Times Are Tough — And Other Unrelated Observations
We, as an industry, are joined at the hip, and there is nothing good for anyone when times are tough for some.
June 13, 2008
The industry today is in disarray, if weather is the scorekeeper. The drought in the Southeast and the fires in California — to say nothing of floods and late freezes elsewhere — have knocked even battle-hardened growers and gardeners for a loop. Even with all our high-tech gadgets in the greenhouse, highfalutin market nonsense in retail and high fives by gardeners, we are still nothing more than glorified farmers, whose very existence and well-being are tied to the weather. The only problem is that farmers' produce is always essential, ours is not.
We are farmers.
Farmers have struggled for years with the vagaries of poor crops due to poor weather. We are no different: today, our margins have been pinched so tight there is no wiggle room. One bad season makes us teeter, one very bad year closes the doors.
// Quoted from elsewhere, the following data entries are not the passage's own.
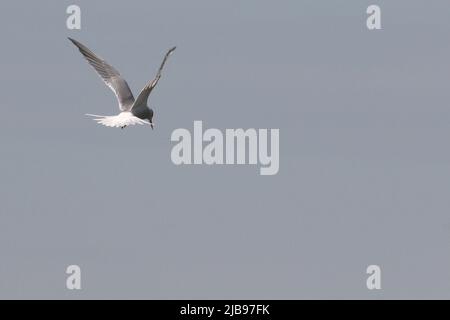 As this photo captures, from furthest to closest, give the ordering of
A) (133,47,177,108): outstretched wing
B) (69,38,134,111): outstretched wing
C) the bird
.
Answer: (69,38,134,111): outstretched wing → the bird → (133,47,177,108): outstretched wing

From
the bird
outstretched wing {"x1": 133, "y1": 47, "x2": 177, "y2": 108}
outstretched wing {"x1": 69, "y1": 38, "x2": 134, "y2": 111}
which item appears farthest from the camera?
outstretched wing {"x1": 69, "y1": 38, "x2": 134, "y2": 111}

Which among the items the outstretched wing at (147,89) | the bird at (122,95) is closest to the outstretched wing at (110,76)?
the bird at (122,95)

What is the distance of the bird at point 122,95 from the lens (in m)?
31.9

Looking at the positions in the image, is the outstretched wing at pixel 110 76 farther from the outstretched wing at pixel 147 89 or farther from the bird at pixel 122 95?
the outstretched wing at pixel 147 89

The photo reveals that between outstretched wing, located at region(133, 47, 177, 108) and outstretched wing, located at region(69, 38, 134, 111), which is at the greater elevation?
outstretched wing, located at region(69, 38, 134, 111)

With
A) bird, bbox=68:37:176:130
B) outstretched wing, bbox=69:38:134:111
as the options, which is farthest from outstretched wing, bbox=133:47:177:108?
outstretched wing, bbox=69:38:134:111

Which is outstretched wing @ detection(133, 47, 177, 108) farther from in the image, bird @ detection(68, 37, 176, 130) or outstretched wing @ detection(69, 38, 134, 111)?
outstretched wing @ detection(69, 38, 134, 111)

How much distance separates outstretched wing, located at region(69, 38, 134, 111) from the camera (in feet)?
115

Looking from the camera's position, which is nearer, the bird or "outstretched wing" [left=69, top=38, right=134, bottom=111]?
the bird

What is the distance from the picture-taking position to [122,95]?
3509 centimetres

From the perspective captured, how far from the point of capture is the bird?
31.9 meters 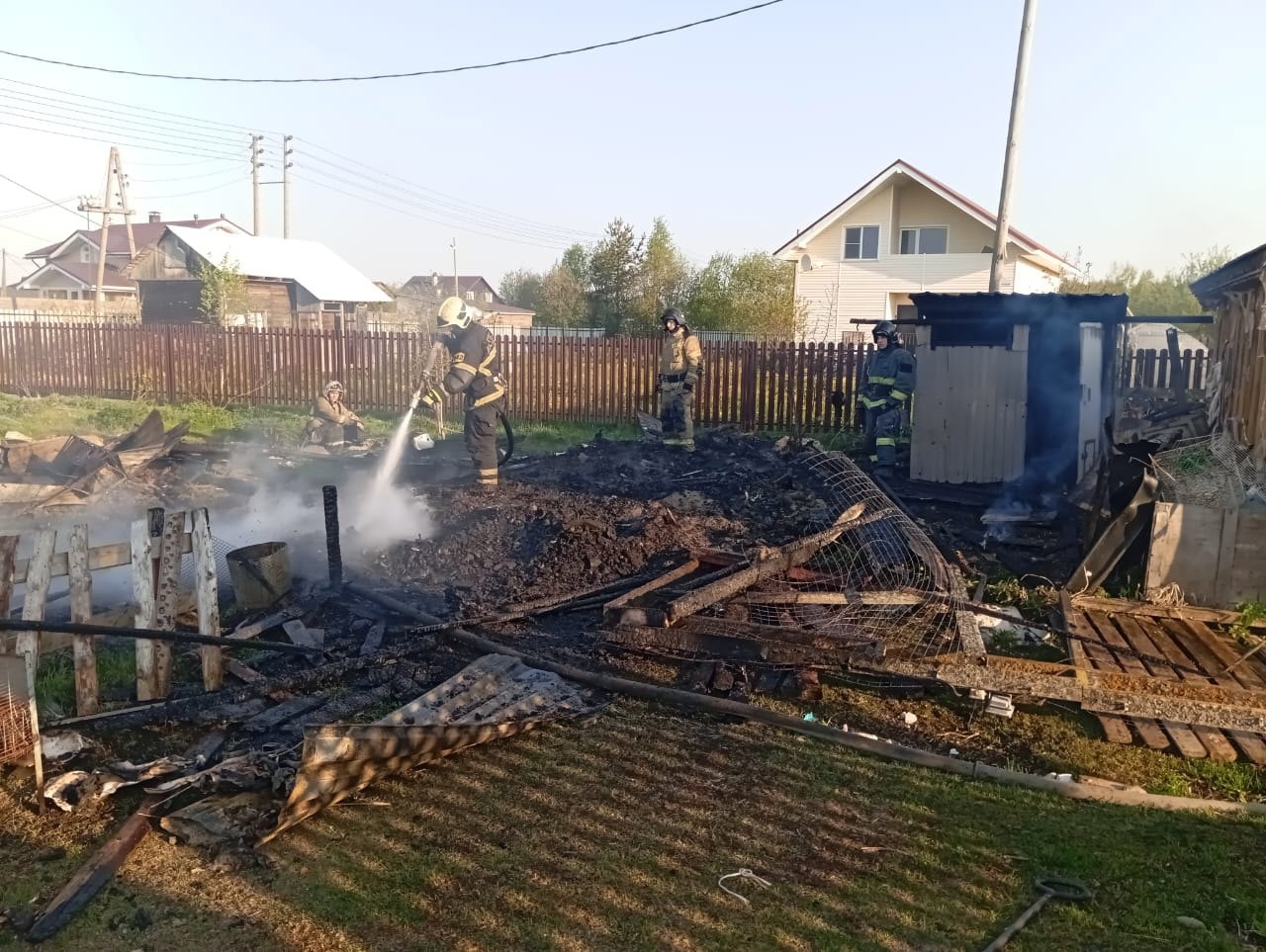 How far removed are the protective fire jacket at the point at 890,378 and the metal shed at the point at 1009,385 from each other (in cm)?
75

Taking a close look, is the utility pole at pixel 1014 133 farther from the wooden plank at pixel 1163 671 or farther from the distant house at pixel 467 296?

The domino effect of closures and Chapter 11 filings will be felt for many years. The lack of rain is physically debilitating, but worse by far are the mental scars. Consumer memories are long and spring optimism quickly morphs to pragmatism. Even in the pouring rain, the dead grass, the puny geraniums and the draconian water restrictions of last summer are as palpable as the puddles they stand in today.
We Are One
Fortunately, not all parts of the country felt the misery of the Southeast, but from where I stand, we as an industry are joined at the hip, and there is nothing good for anyone when times are tough for some.
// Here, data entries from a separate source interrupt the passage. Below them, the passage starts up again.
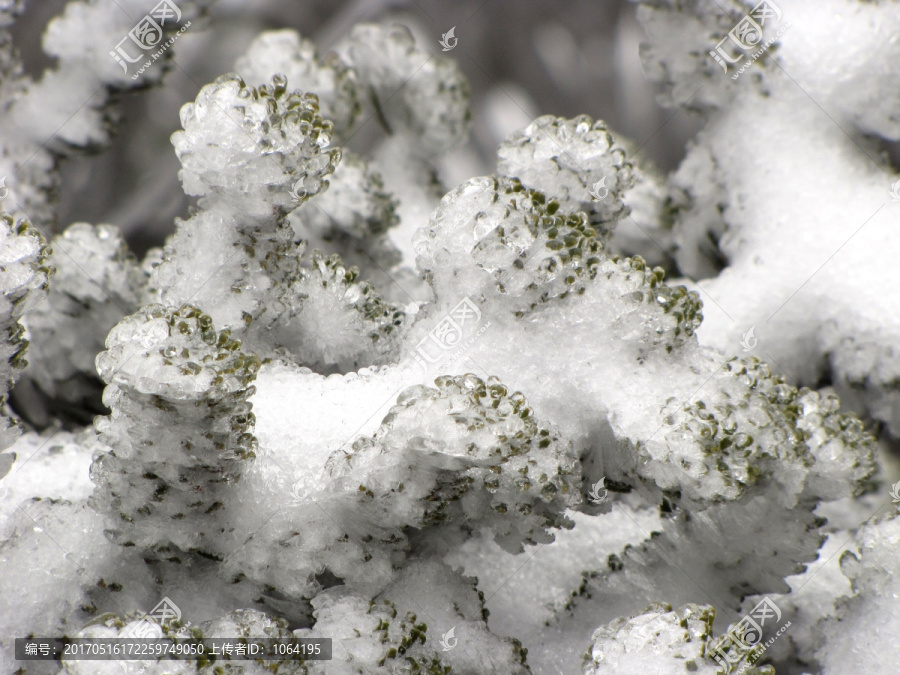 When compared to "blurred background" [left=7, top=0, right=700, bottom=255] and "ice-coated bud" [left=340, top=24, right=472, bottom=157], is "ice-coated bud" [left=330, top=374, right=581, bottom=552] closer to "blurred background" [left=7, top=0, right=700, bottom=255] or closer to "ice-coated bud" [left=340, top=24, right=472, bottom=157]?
"ice-coated bud" [left=340, top=24, right=472, bottom=157]

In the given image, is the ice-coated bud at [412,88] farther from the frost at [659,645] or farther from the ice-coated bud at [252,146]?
the frost at [659,645]

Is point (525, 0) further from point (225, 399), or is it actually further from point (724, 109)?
point (225, 399)

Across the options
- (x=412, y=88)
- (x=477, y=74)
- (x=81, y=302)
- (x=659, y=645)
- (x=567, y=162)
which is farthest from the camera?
(x=477, y=74)

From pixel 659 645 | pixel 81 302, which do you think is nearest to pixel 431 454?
pixel 659 645

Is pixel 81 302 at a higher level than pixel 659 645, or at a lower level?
lower

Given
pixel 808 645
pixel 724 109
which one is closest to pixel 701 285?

A couple of difficult issues to get our hands around:
I have had many sit downs with intelligent people and various "topics de jour" arise. A question, innocently enough asked, is "If I can't make money or show people how a particular product or activity saves money, why adopt it?" One of them is the issue of sustainability. "We have been doing it our way and we are just fine, thank you."
The native plant enthusiasts can be equally loud, and are asking why we don't offer more native plants at the retail center? If I have heard it once, I have heard it a dozen times. "Of course I believe in native plants, all the plants we sell are native somewhere." That was cute five years ago, but is not appropriate any longer. My daughter Heather may never walk into a garden center and ask for a native plant or demand to know if organic fertilizers have been used in the production of the plants, so again the question is asked, "Why should we care?"
A No-Brainer For Some
In fact, sustainability is a no-brainer. Reducing inputs, eliminating waste, getting a little better at how we handle run off, plastics, fertility and chemicals will save money and provide a "feel-good experience." Anyone growing perennials is already growing dozens of North American natives. Simply letting your customers know you use or can provide Native American plants gives them the opportunity to deal with you. Heather may walk by the banner proclaiming, "I Love American Plants" but her friend may not. And providing good performing plants that are also native - what's not to love?
A Troubling Mindset
With the scary weather all around us, often resulting in slimmer and slimmer margins, there is little doubt that growers, consumers and salespeople will be more conservative in the near future. Conservative in the number of plants grown, and certainly more conservative in what is grown. The immediate big losers will be "new plants," simply because numbers are smaller, and they require a year or two to get traction. Many growers no longer feel they can afford that time. This is a troubling mind-set. The bread and butter items will be buttered more profusely, ending in even more commodity items and even lower margins.
I am sounding a little more pessimistic than usual, perhaps it has simply been a bad week. After all, my beloved Athens, Ga., has lost a number of fine retailers in the drought, and more will likely fall. The Southeast has taken a kicking, but no worries, the South will rise again. As for California, they are rebuilding as we read.
Tough old birds, these horticultural people. I love them all.